For more options, add the --help
flag when running the script:
litgpt download --help
After conversion, run the model with the --checkpoint_dir
flag, adjusting repo_id
accordingly:
litgpt chat --checkpoint_dir checkpoints/<repo_id>
This section shows a typical end-to-end example for downloading and using TinyLlama:
- List available TinyLlama checkpoints:
litgpt download | grep Tiny
TinyLlama/TinyLlama-1.1B-intermediate-step-1431k-3T
TinyLlama/TinyLlama-1.1B-Chat-v1.0
- Download a TinyLlama checkpoint:
export repo_id=TinyLlama/TinyLlama-1.1B-intermediate-step-1431k-3T
litgpt download --repo_id $repo_id
- Use the TinyLlama model:
litgpt chat --checkpoint_dir checkpoints/$repo_id
Note that certain models require that you've been granted access to the weights on the HuggingFace Hub.
For example, to get access to the Gemma 2B model, you can do so by following the steps at https://huggingface.co/google/gemma-2b. After access is granted, you can find your HF hub token in https://huggingface.co/settings/tokens.
Once you've been granted access and obtained the access token you need to pass the additional --access_token
:
litgpt download \
--repo_id google/gemma-2b \
--access_token your_hf_token
The download.py
script will automatically convert the downloaded model checkpoint into a LitGPT-compatible format. In case this conversion fails due to GPU memory constraints, you can try to reduce the memory requirements by passing the --dtype bf16-true
flag to convert all parameters into this smaller precision (however, note that most model weights are already in a bfloat16 format, so it may not have any effect):
litgpt download \
--repo_id <repo_id>
--dtype bf16-true
(If your GPU does not support the bfloat16 format, you can also try a regular 16-bit float format via --dtype 16-true
.)
For development purposes, for example, when adding or experimenting with new model configurations, it may be beneficial to split the weight download and model conversion into two separate steps.

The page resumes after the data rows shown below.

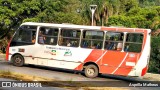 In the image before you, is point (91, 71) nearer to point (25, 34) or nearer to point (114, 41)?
point (114, 41)

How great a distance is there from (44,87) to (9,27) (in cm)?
2069

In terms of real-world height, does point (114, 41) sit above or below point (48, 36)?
below

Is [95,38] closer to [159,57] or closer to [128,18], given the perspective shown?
[159,57]

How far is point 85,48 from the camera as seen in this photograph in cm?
1792

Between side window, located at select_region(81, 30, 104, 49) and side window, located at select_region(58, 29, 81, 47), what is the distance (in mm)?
358

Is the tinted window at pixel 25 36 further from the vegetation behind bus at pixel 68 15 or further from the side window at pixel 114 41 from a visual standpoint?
the vegetation behind bus at pixel 68 15

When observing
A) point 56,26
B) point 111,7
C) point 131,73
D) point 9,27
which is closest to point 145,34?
point 131,73

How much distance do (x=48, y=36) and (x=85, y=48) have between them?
2169 millimetres

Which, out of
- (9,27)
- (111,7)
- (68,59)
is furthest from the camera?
(111,7)

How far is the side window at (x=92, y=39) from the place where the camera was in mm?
17733

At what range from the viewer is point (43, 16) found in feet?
99.6

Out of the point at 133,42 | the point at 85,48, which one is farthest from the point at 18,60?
the point at 133,42

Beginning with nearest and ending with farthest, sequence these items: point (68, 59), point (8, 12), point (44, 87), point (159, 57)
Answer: point (44, 87)
point (68, 59)
point (159, 57)
point (8, 12)

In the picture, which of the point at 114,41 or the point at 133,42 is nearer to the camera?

You can do this by passing the --convert_checkpoint false
option to the download script:
litgpt download \
--repo_id <repo_id> \
--convert_checkpoint false
and then calling the convert_hf_checkpoint.py
script:
litgpt convert to_litgpt \
--checkpoint_dir checkpoint_dir/<repo_id>
In some cases we don't need the model weight, for example, when we are pretraining a model from scratch instead of finetuning it. For cases like this, you can use the --tokenizer_only
flag to only download a model's tokenizer, which can then be used in the pretraining scripts:
litgpt download \
--repo_id TinyLlama/TinyLlama-1.1B-intermediate-step-1431k-3T \
--tokenizer_only true
and
litgpt pretrain \
--data ... \
--model_name tiny-llama-1.1b \
--tokenizer_dir checkpoints/TinyLlama/TinyLlama-1.1B-intermediate-step-1431k-3T/